Business Writing Today is a self-help book for people who want to write better at work. Canavor, who has written several books on this topic, is brimming with great ideas and strategies to improve your business communication. Check out her take on business writing in the digital era in our special Q&A.  

GG: What made you want to write this book, and who is the target audience?
NC: Research, and my own experience, tells me that most young people today write badly. Few are able to figure out what to say, and even fewer are able to say it well. This hurts them when they compete for career opportunities, and if they are hired, most don’t function as well as they could. But it isn’t just young people’s poor writing that produces a huge problem for today’s organizations; most business communication is awful. This results in very expensive mistakes, misunderstandings, and unnecessary conflicts.

Business Writing Today is a self-help book for people who want to improve their everyday writing—emails, resumes, elevator speeches, proposals, blogs, and so on—in order to get what they want.

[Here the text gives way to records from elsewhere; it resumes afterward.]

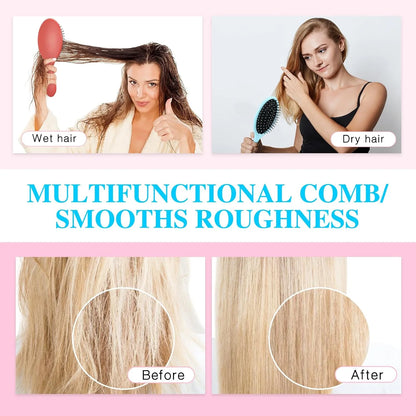 Nuenen 6 Pcs Wet Detangling Hair Brush, Dry Soft Bristle, Black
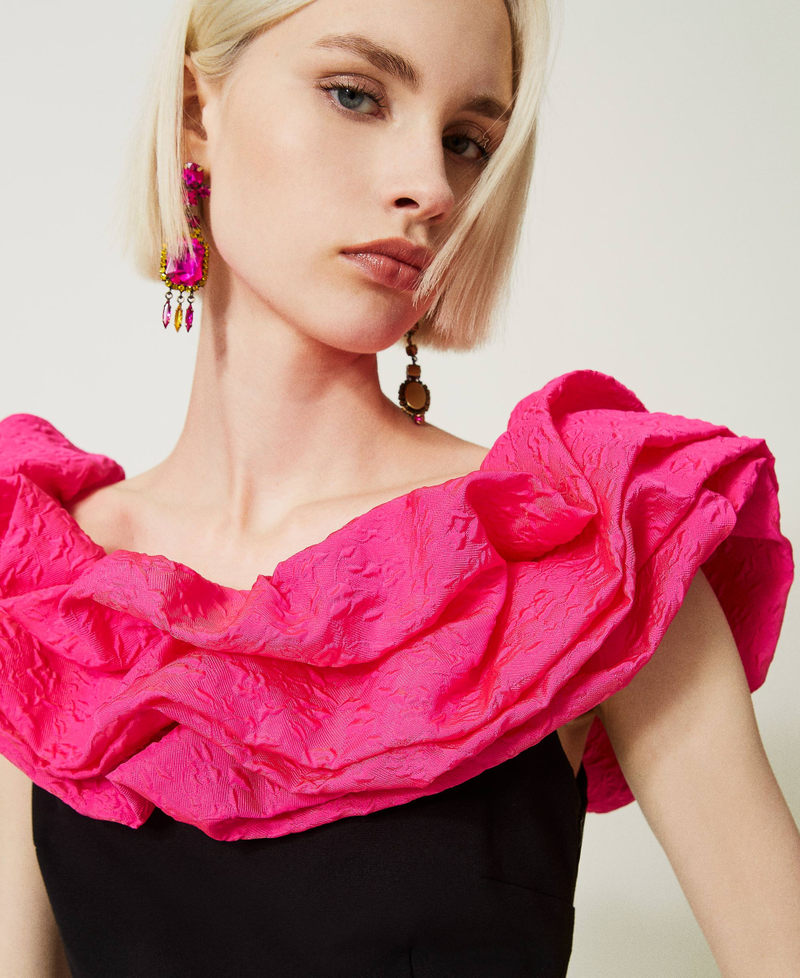 Long dress with embossed taffeta flounces Two-tone Black / Dahlia Fuchsia Woman 232AP2012_10818_05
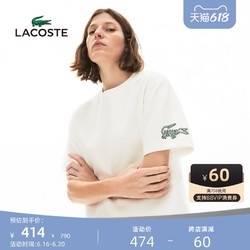 LACOSTE 拉科斯特 法国鳄鱼女装夏季时尚宽松休闲印花圆领短袖T恤女|TF5633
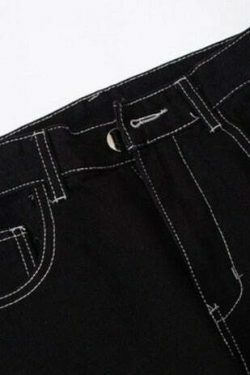 Flame Stitch Jeans: Y2K Fashion Statement with Coquette Aesthetic and Grunge Style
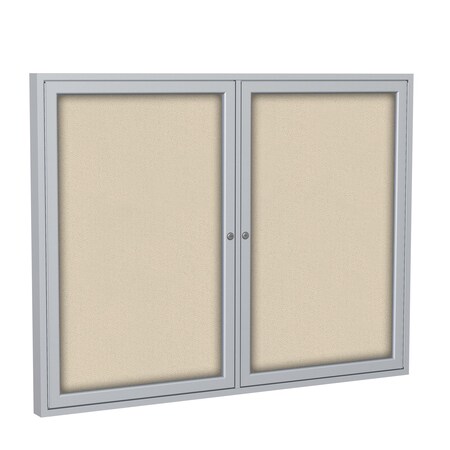 Ghent Enclosed Bulletin Board, 2 Door, Fabric, 3 ft H x 5 ft W, Beige PA23660F-90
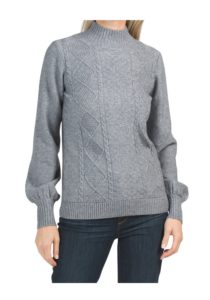 Textured Cable Puff Sleeve Sweater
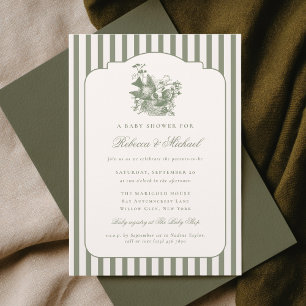 Vintage Birds Nest Preppy Neutral Baby Shower Invitation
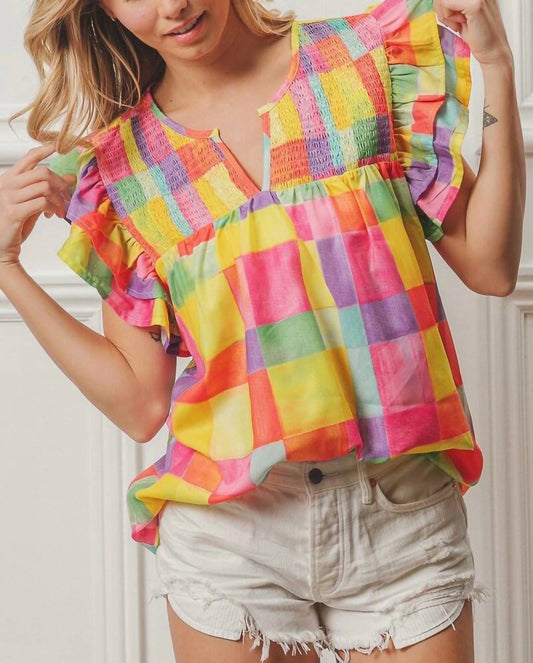 Bibi - Brielle Multicolored Ruffled Top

Why do good writing skills matter in today’s digital marketplace?
In the digital world, so much depends on writing. You won’t get in many doors without a good elevator pitch, resume, proposal, sales letter, blog, and/or networking message. In a world where we meet less and talk less, we make decisions and judge others based on their writing.

And there are no captive audiences anymore. Surrounded by so much to read, so much media, we are all extremely selective. If we want to be read, the academic models most of us learned in school don’t work. Good business writing isn’t about strict correctness and impressive language. It’s about knowing how to attract and hold your audience. It’s about understanding other people’s viewpoints. It’s about building relationships.


Can you share a tip or two from your book?
Here are two of my favorites.

Before writing a message, visualize whom you’re writing to. Hold a mental conversation. If you’re asking for something—which, in a way, every message does—“hear” the other person’s reservations and think about how to answer them. Then when you write, you’ll almost automatically adopt the right tone, know the best content to use to make your case, and be able to frame your message to that individual. Always figure out why someone should give you what you want, from his or her perspective rather than your own, and then write from that understanding.

On a micro level: After you’ve drafted your message, look at each sentence (or say it aloud). When you find more than one “of,” “to,” “in,” “for,” or “that,” or more than a single word ending in -ing or -ed or -ious or -ly, rewrite the sentence so there is only one. (Or two, if you absolutely can’t help it.) This is a surefire way to edit yourself out of abstract, wordy, dishwater-dull writing. Simple words and present tense usually solve the problem. To avoid a choppy rhythm, alternate long and short sentences for a cadence that carries people along.


What are some additional resources for those who want to learn more about business writing?
Everyone should read William Zinsser’s On Writing Well. He makes the best-ever case for clarity, conciseness, and simplicity in all writing. Of course, I’d like it if people checked out my other books as well! In addition to Business Writing Today (which is a second edition of Business Writing in the Digital Age), there’s Business Writing for Dummies and The Truth About the New Rules of Business Writing, which delivers the ideas in 52 bite-sized pieces.


Natalie Canavor is a business writer, journalist, and communications consultant. She gives workshops on practical writing and workplace communications. Natalie also teaches advanced writing seminars for grad students in PR/Corporate Communications and young professionals at NYU.